Federated Distributed Database Reference
SYNC SCHEMA Operations
DDL Synchronization
DDL synchronization is an operation that SYNC SCHEMA
runs
just after the deployment of the shards in a federated distributed database configuration.
The goal of this operation is to import the object definitions from all of the shards, compare the definitions across the shards, and generate DDLs for the objects that exist on all of the shards (common objects). Once the DDLs are run and the objects are created, you can reference these objects in multi-shard queries.
Import Users
A user or schema is a candidate for import by SYNC SCHEMA
if it exists on all of the shards and owns importable schema objects.
You can narrow the list of users to be imported by passing a list of users
in the -SCHEMA
parameter. For example,
gdsctl> sync schema -schema scott
gdsctl> sync schema -schema scott,myschema
For case-sensitive schemas use quoted identifiers.
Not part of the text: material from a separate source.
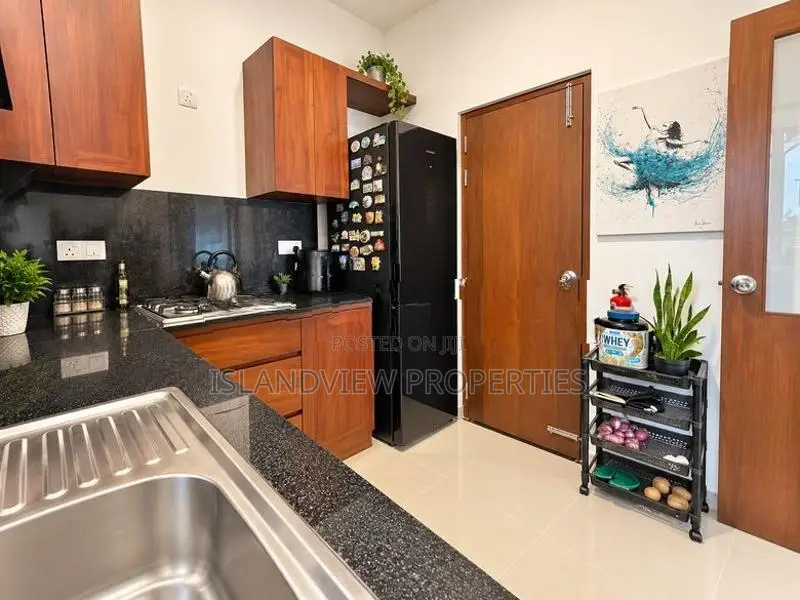 2 Bedroom Furnished Apartment For Sale at Ariyana Resorts, Athurugiriy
gdsctl> sync schema -schema "O'Brien",scott
To include all non-Oracle schemas, use the value ALL
in the
SCHEMA
parameter.
gdsctl> sync schema -schema all
Before importing the users, SYNC SCHEMA
verifies that any
discovered users exist on all shards, and no user already exists on the shard catalog
with the same name. The users are then created on the shard catalog as local users and
they are locked. Because these are local users, they only share the same name with
shards and are essentially the same as any other user that may have the same name across
different databases. Note that these users are not able to login and issue queries
because they are not all shard users. To issue multi-shard queries, an all shard
user must be created.
Note:
Only users local to a PDB are imported. Common CDB users are not imported.Grant User Roles and Priviledges
For the imported users, SYNC SCHEMA
compares users'
privileges.
SYNC SCHEMA
grants only the privileges that are granted on
all of the shards (common grants). A user A who has a DBA role on
shard1, but does not have DBA role on shard2, is not granted the DBA role in
the shard catalog.
Import Object Definitions
The objects compared and imported by SYNC SCHEMA
to the
shard catalog are the objects that will be referenced in multi-shard queries or used by
multi-shard query processing.
These objects are:
- Tables
- Views and Materialized Views (exported as tables)
- Check Constraints
- Object Types
- Synonyms
Running SYNC SCHEMA
does not import objects related to
storage, or objects that have no impact on multi-shard query processing, such as
tablespaces, indexes, indextypes, directories, or zone maps.
Schema Object Comparison
The objects, from one shard to another, can have different definitions.
SYNC SCHEMA
compares the different definitions and creates a common
definition to enable multi-shard queries against imported objects.
SYNC SCHEMA
detects the objects' differences at two levels:
number of objects, and object definitions.
First, SYNC SCHEMA
considers the number of objects. It is
likely that, during an application upgrade, some objects are added to the schemas. Only
objects that are on all of the shards will be imported into the shard catalog.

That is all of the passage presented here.